After having a client’s case for a few years, negotiations with the insurance company had stopped, and both sides were very far apart. The client did not know what else to do and considered taking an offer far below what we knew the case to be valued at. She had a $30,000 offer for a $60,000 case. We discussed that our next steps were to file suit, and she had no idea what that meant.
Our Client’s Fear
The unknown of what ‘filing suit’ meant was scary enough for her to consider taking the lowball offer from the insurance company.
How Garmey Law Helped
This fear of the unknown can make all of us nervous and can make us lean toward making rash decisions. We spoke about the process of ‘filing suit’ and walked through all the steps:
- Drafting the Compliant – This is the formal document we file with the court and serve to the defendant. It tells the court and the other side what you are alleging.
- Completing Discovery – Questions and documents exist on both sides. Discovery is asking questions and making demands for documents and things that permit sharing of material and information. These are accomplished by sending Interrogatories, Requests for the Production of Documents & Things, and asking for Admissions.
- Depositions – After the discovery process occurs, both sides have the opportunity, if they choose to, to complete sworn interviews of the other party and any material witness for the other side. These statements are transcribed by a court reporter, and the testimony is worn under oath, which carries the same weight as testifying in court.
- Designation of Experts – If the case has complicated components, an expert witness can often shed light on the subject or help to establish elements of the legal concept you have to prove (such as duty, breach, causation, professional negligence, or legal defenses). Experts are hired for their testimony and have special qualifications such as experience, education, or knowledge that allows them to provide opinions on some legal issues.
- Court Mandated Mediation (ADR) – This is a process required in most cases in Maine where the sides agree on a neutral 3rd party, a mediator, to hear both sides of the case and work toward a potential solution to settle it before the trial. If the sides agree with the mediator, the case is settled and over. If the sides cannot agree, the case proceeds to trial.
- Pre-Trial Prep and Trial – If all the above steps occur, and the case is not settled, the case is set for a jury or bench (judge only) trial. Evidence is presented, witnesses testify, and the fact-finder determines which side wins. If the plaintiff wins, the fact finder decides how much money (damages) they should get.

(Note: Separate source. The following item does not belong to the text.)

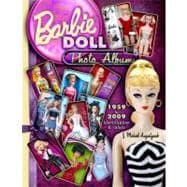 Barbie Doll Photo Album: 1959 to 2009 Identification & Value..., 9781574326253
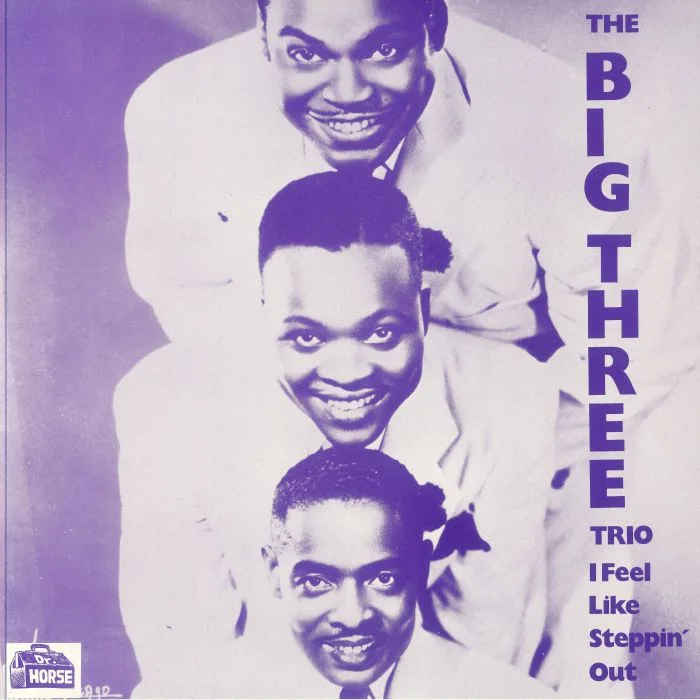 The BIG THREE TRIO — I Feel Like Steppin' Out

After explaining what ‘filing suit’ meant, we reviewed the most important part: that it was MY job to do this, not the clients. It was the client’s job to be present, to help answer discovery, to answer depositions, and to participate in mediation. I would be there every step of the way, and we would spend as much time as she needed to ensure she understood what would happen and what to expect. She felt empowered once she knew what to expect and agreed to file suit.
After filing suit, the insurance company called and raised their offer from $30,000 to $75,000. This was a large enough offer for us to tell our client that it would be tough to justify going to trial when the cap we believed the case was worth would be $80,000. With the $75,000 guaranteed, she agreed and could not believe she would get more than what she had wanted for the case after filing suit. What she had originally been fearful of helped her to get an extra $15,000 in her pocket, which made her “over the moon” happy!